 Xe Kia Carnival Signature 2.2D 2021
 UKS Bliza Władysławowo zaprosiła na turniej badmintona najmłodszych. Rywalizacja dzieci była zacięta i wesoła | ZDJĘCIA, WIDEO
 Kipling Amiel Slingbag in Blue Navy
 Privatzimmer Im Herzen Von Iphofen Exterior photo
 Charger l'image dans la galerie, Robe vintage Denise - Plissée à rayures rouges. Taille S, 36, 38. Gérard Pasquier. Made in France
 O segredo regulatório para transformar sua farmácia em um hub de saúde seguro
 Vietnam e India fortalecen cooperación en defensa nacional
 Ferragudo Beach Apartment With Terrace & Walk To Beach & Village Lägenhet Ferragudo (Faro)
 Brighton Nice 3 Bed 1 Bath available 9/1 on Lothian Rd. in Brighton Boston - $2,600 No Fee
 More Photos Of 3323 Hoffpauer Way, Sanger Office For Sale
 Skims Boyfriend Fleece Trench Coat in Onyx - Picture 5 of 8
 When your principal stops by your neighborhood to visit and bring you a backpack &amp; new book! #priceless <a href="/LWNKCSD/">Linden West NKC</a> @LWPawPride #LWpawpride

Exercise prompt: Everything from the first line above up to and including the line that contains "Skims Boyfriend Fleece" should be printed exactly; please print only that.

Written response:
 Xe Kia Carnival Signature 2.2D 2021
 UKS Bliza Władysławowo zaprosiła na turniej badmintona najmłodszych. Rywalizacja dzieci była zacięta i wesoła | ZDJĘCIA, WIDEO
 Kipling Amiel Slingbag in Blue Navy
 Privatzimmer Im Herzen Von Iphofen Exterior photo
 Charger l'image dans la galerie, Robe vintage Denise - Plissée à rayures rouges. Taille S, 36, 38. Gérard Pasquier. Made in France
 O segredo regulatório para transformar sua farmácia em um hub de saúde seguro
 Vietnam e India fortalecen cooperación en defensa nacional
 Ferragudo Beach Apartment With Terrace & Walk To Beach & Village Lägenhet Ferragudo (Faro)
 Brighton Nice 3 Bed 1 Bath available 9/1 on Lothian Rd. in Brighton Boston - $2,600 No Fee
 More Photos Of 3323 Hoffpauer Way, Sanger Office For Sale
 Skims Boyfriend Fleece Trench Coat in Onyx - Picture 5 of 8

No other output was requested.